Retype, exactly and only, each line from the one containing "Towle SATIN PETAL" to the end of the records below.

═══ INPUT RECORDS ═══

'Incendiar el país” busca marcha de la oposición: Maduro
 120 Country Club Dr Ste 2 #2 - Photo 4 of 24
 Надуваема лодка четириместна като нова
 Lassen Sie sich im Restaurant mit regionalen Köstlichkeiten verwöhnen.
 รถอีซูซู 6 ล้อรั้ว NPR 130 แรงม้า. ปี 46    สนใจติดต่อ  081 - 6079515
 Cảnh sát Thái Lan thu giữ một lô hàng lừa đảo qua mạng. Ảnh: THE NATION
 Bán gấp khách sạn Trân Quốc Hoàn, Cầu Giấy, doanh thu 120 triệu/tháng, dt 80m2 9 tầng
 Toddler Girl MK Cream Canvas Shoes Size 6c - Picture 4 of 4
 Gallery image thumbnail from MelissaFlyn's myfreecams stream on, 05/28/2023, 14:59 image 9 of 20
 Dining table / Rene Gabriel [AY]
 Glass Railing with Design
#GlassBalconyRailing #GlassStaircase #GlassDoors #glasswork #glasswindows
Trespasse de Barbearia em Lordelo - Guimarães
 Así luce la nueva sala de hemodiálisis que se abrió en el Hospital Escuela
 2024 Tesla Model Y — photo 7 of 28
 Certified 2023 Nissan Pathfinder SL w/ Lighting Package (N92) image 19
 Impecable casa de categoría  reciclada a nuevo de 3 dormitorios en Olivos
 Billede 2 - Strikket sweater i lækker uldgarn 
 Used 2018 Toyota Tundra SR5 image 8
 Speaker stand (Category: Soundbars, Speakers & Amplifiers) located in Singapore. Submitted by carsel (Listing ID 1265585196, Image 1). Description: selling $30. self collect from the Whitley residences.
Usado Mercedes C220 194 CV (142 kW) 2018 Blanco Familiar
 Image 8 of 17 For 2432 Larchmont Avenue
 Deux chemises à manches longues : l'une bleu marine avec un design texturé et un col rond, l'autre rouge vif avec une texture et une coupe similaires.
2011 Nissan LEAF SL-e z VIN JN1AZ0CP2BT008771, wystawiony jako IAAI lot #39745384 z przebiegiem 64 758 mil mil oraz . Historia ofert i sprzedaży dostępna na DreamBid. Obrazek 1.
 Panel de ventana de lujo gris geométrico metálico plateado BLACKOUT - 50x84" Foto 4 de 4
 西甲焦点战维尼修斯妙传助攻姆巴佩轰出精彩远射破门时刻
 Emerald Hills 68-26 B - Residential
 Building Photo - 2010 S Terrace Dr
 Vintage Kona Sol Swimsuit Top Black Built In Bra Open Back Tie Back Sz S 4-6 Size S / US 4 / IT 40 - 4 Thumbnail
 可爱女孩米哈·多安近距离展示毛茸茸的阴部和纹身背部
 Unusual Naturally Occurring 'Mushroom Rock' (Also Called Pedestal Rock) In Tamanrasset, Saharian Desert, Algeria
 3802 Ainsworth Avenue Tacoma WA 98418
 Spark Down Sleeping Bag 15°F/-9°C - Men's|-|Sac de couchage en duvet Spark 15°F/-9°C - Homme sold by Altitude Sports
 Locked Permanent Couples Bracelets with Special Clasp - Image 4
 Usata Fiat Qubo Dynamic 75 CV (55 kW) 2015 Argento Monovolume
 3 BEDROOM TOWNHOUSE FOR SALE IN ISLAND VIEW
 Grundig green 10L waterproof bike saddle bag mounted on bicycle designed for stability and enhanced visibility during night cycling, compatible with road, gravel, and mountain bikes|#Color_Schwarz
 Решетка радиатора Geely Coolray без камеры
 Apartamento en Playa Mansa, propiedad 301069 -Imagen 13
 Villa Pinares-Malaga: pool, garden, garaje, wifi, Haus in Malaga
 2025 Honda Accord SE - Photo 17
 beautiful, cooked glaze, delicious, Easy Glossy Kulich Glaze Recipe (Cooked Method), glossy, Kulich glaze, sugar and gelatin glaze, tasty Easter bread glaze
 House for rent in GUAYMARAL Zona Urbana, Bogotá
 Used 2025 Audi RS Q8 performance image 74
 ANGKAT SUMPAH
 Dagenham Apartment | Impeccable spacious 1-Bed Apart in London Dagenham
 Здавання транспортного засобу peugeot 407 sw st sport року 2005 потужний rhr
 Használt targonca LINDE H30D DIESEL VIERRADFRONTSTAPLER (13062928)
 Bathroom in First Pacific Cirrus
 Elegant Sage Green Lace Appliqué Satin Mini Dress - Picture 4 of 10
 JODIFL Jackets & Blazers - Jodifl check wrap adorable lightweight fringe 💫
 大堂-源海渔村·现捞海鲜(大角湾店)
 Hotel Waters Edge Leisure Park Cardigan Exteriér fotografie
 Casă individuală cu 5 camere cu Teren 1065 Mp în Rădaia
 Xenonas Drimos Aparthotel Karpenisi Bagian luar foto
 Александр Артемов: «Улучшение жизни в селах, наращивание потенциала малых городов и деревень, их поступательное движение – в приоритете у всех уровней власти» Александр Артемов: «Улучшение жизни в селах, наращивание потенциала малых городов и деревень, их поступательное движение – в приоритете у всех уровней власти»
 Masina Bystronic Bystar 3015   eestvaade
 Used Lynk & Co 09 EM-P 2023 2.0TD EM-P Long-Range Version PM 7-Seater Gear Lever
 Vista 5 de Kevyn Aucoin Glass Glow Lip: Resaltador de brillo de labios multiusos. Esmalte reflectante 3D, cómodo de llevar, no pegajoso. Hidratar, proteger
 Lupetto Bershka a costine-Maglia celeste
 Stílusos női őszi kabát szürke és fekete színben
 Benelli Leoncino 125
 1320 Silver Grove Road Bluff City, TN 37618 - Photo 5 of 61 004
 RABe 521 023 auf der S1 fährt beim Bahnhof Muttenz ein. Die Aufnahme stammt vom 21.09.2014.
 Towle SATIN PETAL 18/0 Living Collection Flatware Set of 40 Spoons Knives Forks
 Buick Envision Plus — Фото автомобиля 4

═══

→ RESULT OF THE EXERCISE
 Towle SATIN PETAL 18/0 Living Collection Flatware Set of 40 Spoons Knives Forks
 Buick Envision Plus — Фото автомобиля 4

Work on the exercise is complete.